# Großes Hallo / Lob



## jepi (14 Nov. 2009)

Hallo,

ich wollt mich nur mal vorstellen, da ich seit kurzer Zeit hier bin...
Bis jetzt hab ich schon viele Bilder gefunden und bedanke mich =)

Hoffentlich kann ich auch aktiv helfen, bilder hereinzustellen =)

Grüße jepi


----------



## Buterfly (14 Nov. 2009)

Hallo jepi,

und willkommen auf dem CB, würde mich freuen in Zukunft von dir zu lesen 

Viel Spaß hier noch :thumbup:


P.S: Hab den Beitrag mal nach "Vorstellungen" verschoben


----------



## Crash (14 Nov. 2009)

jepi schrieb:


> Bis jetzt hab ich schon viele Bilder gefunden und bedanke mich =)

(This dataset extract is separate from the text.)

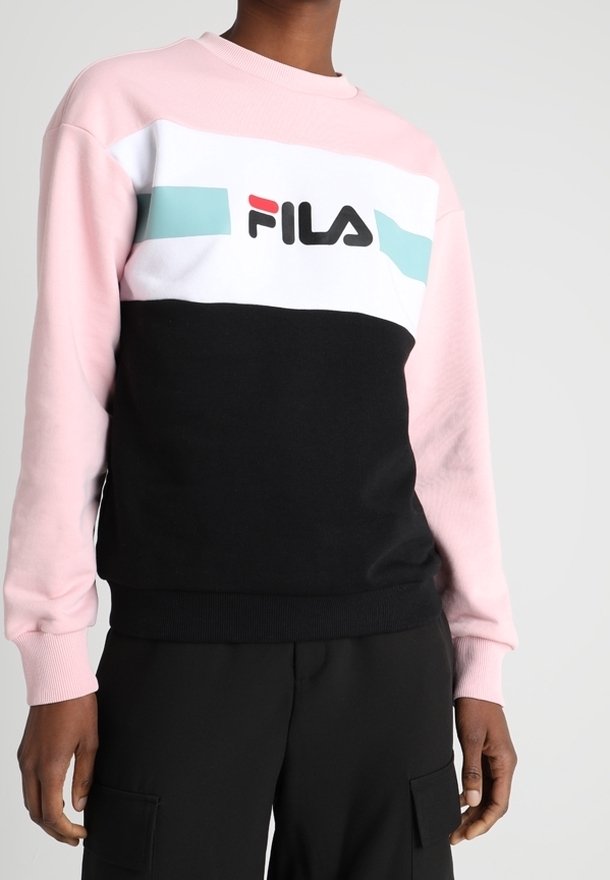 Bluza z okrągłym dekoltem w różowej górnej części, białym środkowym fragmencie z logo oraz czarnej dolnej części; zawiera turkusowe i czerwone akcenty.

Na dann solltest du dich auch in den Beiträgen bedanken 

Bevor ich es vergesse... 

 jepi und viel Spass auf CB


----------



## Trivium (14 Nov. 2009)

*Willkommen! *

*Viel Spaß! *​


----------



## General (15 Nov. 2009)

jepi und viel Spaß auf CB


----------



## hallo1234567890 (17 Nov. 2009)

Gleichfals


----------